GIVEN DATA Start Marker
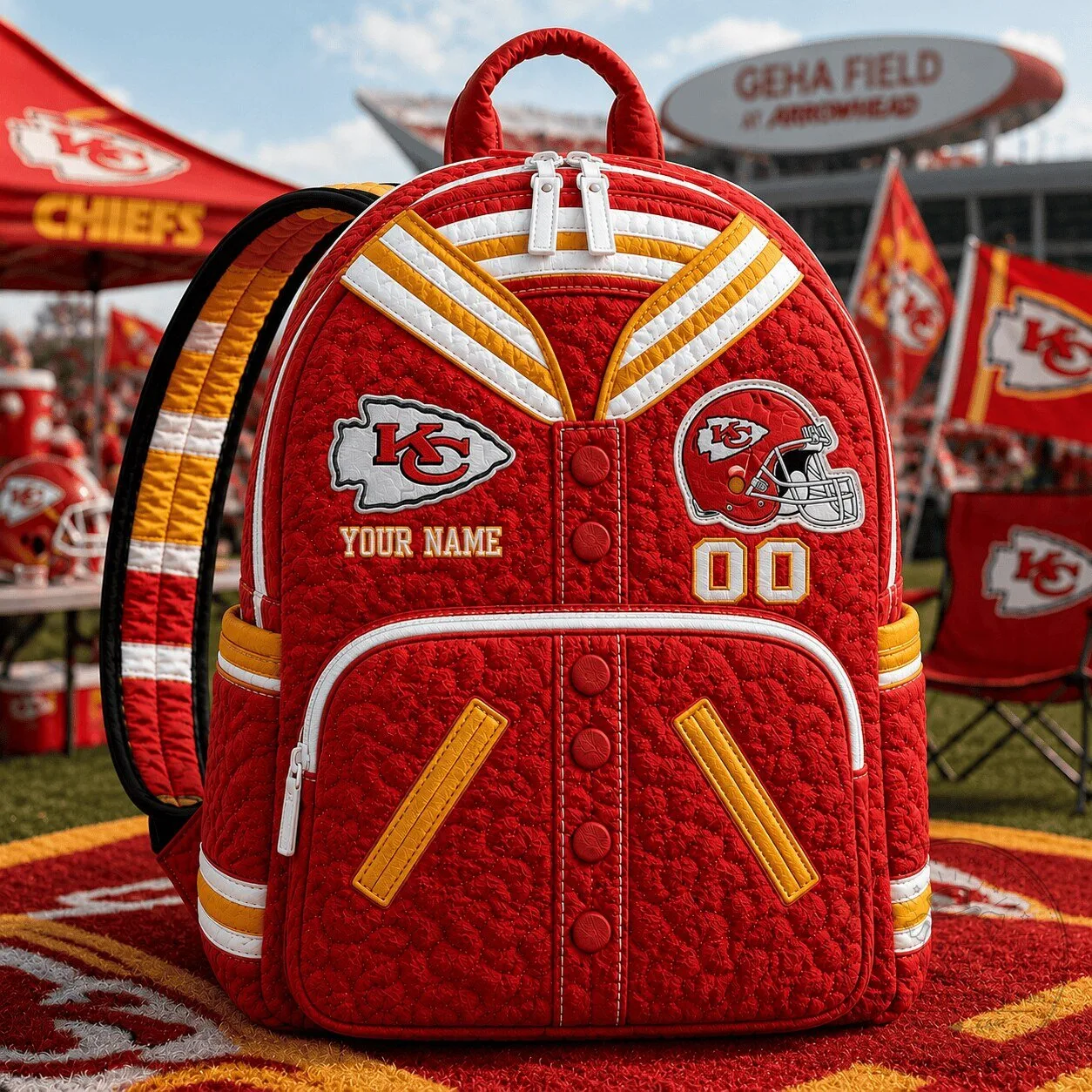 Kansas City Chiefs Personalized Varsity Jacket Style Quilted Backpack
GIVEN DATA End Marker
GIVEN DATA Start Marker
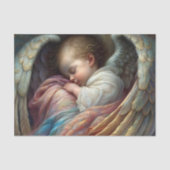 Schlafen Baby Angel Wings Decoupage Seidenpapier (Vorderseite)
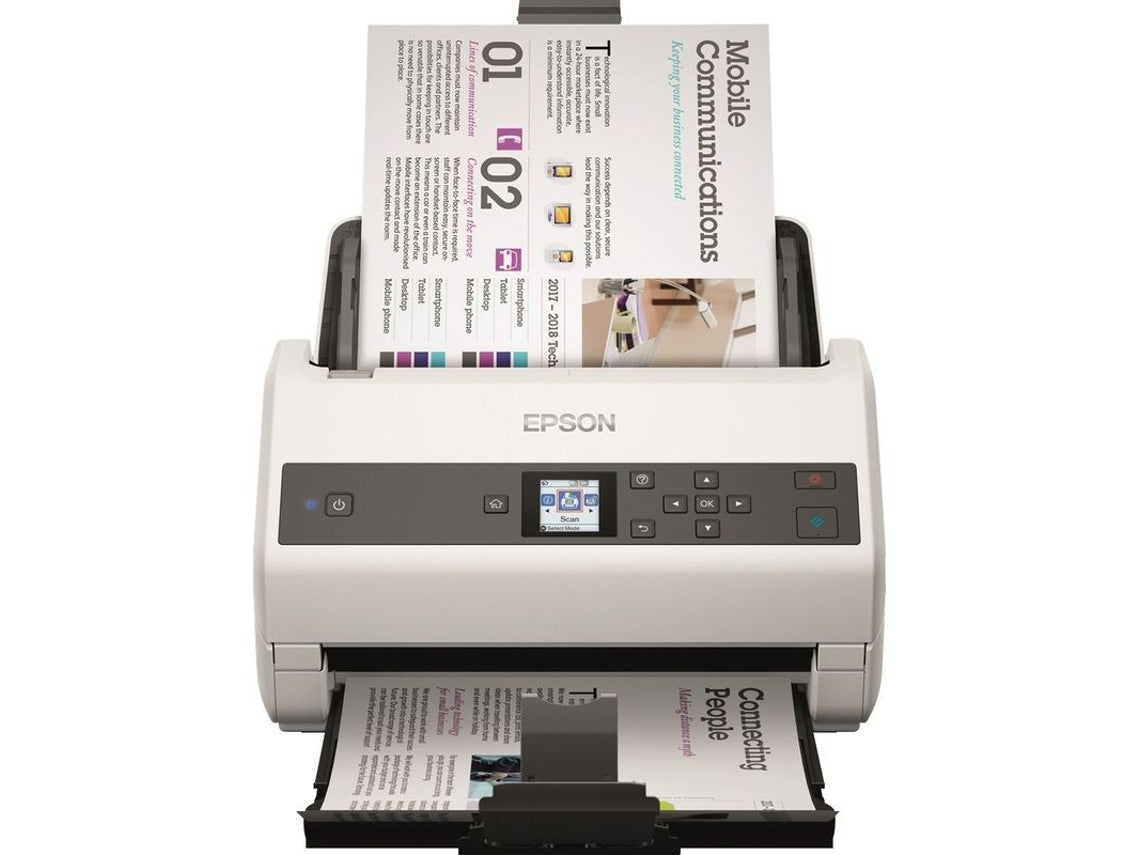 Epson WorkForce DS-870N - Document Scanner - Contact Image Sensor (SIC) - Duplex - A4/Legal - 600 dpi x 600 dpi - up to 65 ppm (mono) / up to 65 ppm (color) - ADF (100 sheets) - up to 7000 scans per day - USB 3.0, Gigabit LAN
GIVEN DATA End Marker
TASK DESCRIPTION — Transcribe the lines above exactly, beginning at the one with "Schlafen Baby Angel" and ending at the one with "Epson WorkForce DS-870N". Include both; exclude the pictures.

RESULT BELOW —
 Schlafen Baby Angel Wings Decoupage Seidenpapier (Vorderseite)
 Epson WorkForce DS-870N - Document Scanner - Contact Image Sensor (SIC) - Duplex - A4/Legal - 600 dpi x 600 dpi - up to 65 ppm (mono) / up to 65 ppm (color) - ADF (100 sheets) - up to 7000 scans per day - USB 3.0, Gigabit LAN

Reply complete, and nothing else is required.